Choisir entre la bienveillance et le militantisme n’est en général pas chose aisée. Cependant, un élément doit pouvoir nous aider à prendre parti : où en sommes-nous aujourd’hui de l’Investissement Socialement Responsable ? Avons-nous tant progressé que nous pourrions tous nous féliciter d’avoir le bac avec les félicitations du jury ? Certainement pas. Il faut admettre que l’impact investing* reste un parent pauvre de l’économie, alors qu’il est le passage obligé pour limiter le réchauffement climatique… si nous ne parlons que de ce de point.
Dans ce contexte, choisir la bienveillance c’est courir à sa perte bien qu’elle apporte quelques consolations sur la longue pente glissante de la médiocrité. Choisir une posture militante, c’est s’exposer à des attaques désolantes, motivées par des intérêts bien souvent financiers. Novethic en a fait les frais ; en 2017, son label en Français est mort et enterré.
L’Etat entre en jeu
Parmi les outils les plus puissants de l’Etat, les incitations fiscales en sont un de plus redoutables. Cependant, impossible d’appliquer une politique fiscale en matière d’ISR au milieu d’une telle confusion des normes ; un label consensuel était donc devenu nécessaire comme préalable à toute initiative fiscale future dans ce domaine. Et c’est ce qui s’est passé, avec l’émergence, en 2016, du « label ISR Gouvernemental » et du label TEEC « Transition Energétique et Ecologique pour le Climat ».

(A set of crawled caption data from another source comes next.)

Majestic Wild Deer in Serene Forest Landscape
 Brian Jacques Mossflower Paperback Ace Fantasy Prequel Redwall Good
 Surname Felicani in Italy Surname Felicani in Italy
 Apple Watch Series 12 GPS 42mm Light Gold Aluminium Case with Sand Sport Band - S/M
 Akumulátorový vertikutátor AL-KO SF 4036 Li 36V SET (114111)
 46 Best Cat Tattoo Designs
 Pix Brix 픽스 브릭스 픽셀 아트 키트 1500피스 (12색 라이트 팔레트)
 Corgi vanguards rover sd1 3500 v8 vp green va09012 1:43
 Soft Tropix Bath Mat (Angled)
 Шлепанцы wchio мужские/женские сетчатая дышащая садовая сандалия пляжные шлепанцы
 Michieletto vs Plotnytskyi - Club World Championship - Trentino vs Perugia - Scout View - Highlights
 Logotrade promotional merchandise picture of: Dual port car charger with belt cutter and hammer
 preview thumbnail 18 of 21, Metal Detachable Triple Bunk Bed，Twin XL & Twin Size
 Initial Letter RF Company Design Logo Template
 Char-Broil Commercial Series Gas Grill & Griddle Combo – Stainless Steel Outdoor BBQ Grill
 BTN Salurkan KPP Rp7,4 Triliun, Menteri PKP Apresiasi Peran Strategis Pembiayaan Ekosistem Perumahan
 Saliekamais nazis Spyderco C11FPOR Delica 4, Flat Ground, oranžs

Il faut malheureusement l’admettre : ce nouveau label ISR n’intègre principalement que des principes de transparence, nécessaire mais pas suffisant. C’était pourtant évident : en matière d’éthique et de morale, l’Etat n’est pas en capacité de dire ce qu’il faut faire, mais seulement d’écrire ce qui est interdit. Autrement dit : proscrire le malhonnête, sans pour autant contraindre à la vertu. Chacun son opinion n’est-ce pas ? Nous sommes donc rendus à ce jour dans une situation ou le terme ISR est de plus en plus galvaudé, chaque gérant profitant du brouillard pour « éthiqueter » sa gamme ISR. Les dérivatifs fleurissent : ISR engagé, ISR responsable (répétition), ISR compatible, ISR conscient, ISR d’impact, ISR solidaire. Comment s’y retrouver ?
Oui, la situation des dernières années a nivelé la notion vers le bas, et si la collecte sur les fonds ISR a considérablement augmenté, c’est plus parce que de nouvelles étiquettes ont été apposées que grâce à un meilleur fléchage des investissements. Dernière orientation du label ISR gouvernemental envisagée : donner des étoiles (1 à 3 par exemple) en fonction de l’engagement. Pourquoi pas. Mais le problème restera entièrement le même : où mettre le curseur, et selon quels critères ?
Cet article est le premier d’une série qui vous en dira plus sur les labels : quels sont-ils et quelles sont leurs spécificités ?
ESUS : Entreprise solidaire d’utilité sociale – https://www.tresor.economie.gouv.fr/Ressources/14662_agrement-esus
Impact Investing : L’investissement à impact social, ou encore impact investing, est une stratégie d’investissement cherchant à générer des synergies entre impact social, environnemental et sociétal d’une part, et retour financier neutre ou positif d’autre part.